» **Exercise directions**:
Instruction for the listing below: copy exactly, and only, the lines from the one holding "Dorinda 1-Light Wall" through its last line, omitting any picture.

» **Listed records**:
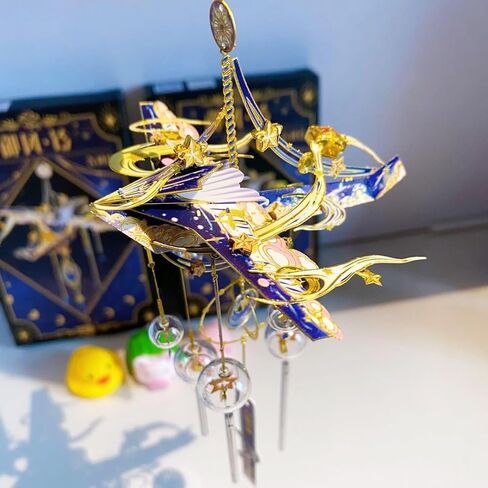 MU 3D Metal Puzzles Windbell Wind Chime D Model Kits Building for Adult and Teeners, Windchime Jigsaw Miniature DIY Sets, Birthday Gift in Kuwait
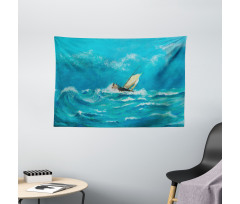 Sail in Stormy Weather Wide Tapestry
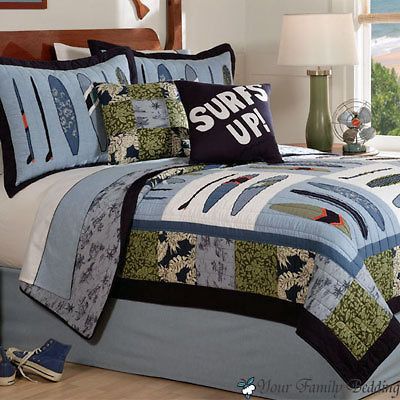 Surf Board Beach Boy Children Kid Teenage Quilt Bedding Set Twin Full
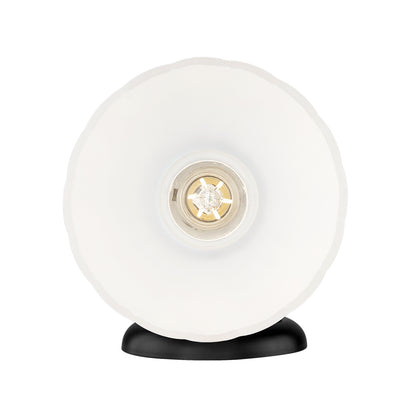 Dorinda 1-Light Wall Sconce in Matte Black with Opal Glass - - Golden Lighting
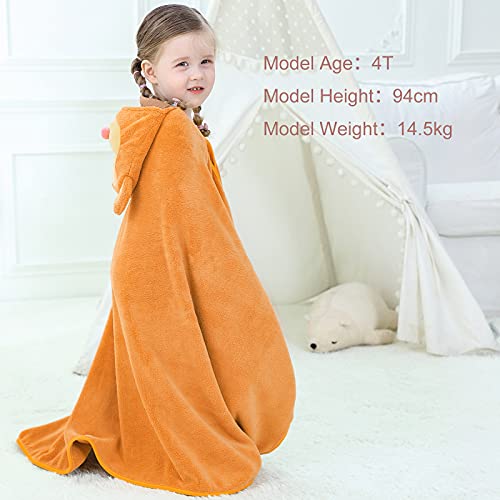 Image of MICHLEY Unisex Hooded Baby Towel Soft Absorbent Washcloths Cartoon Beach Swimming Bathrobe 27.5 inch x 47 inch for 0-7T Toddler(Monkey)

» **Result**:
 Dorinda 1-Light Wall Sconce in Matte Black with Opal Glass - - Golden Lighting
 Image of MICHLEY Unisex Hooded Baby Towel Soft Absorbent Washcloths Cartoon Beach Swimming Bathrobe 27.5 inch x 47 inch for 0-7T Toddler(Monkey)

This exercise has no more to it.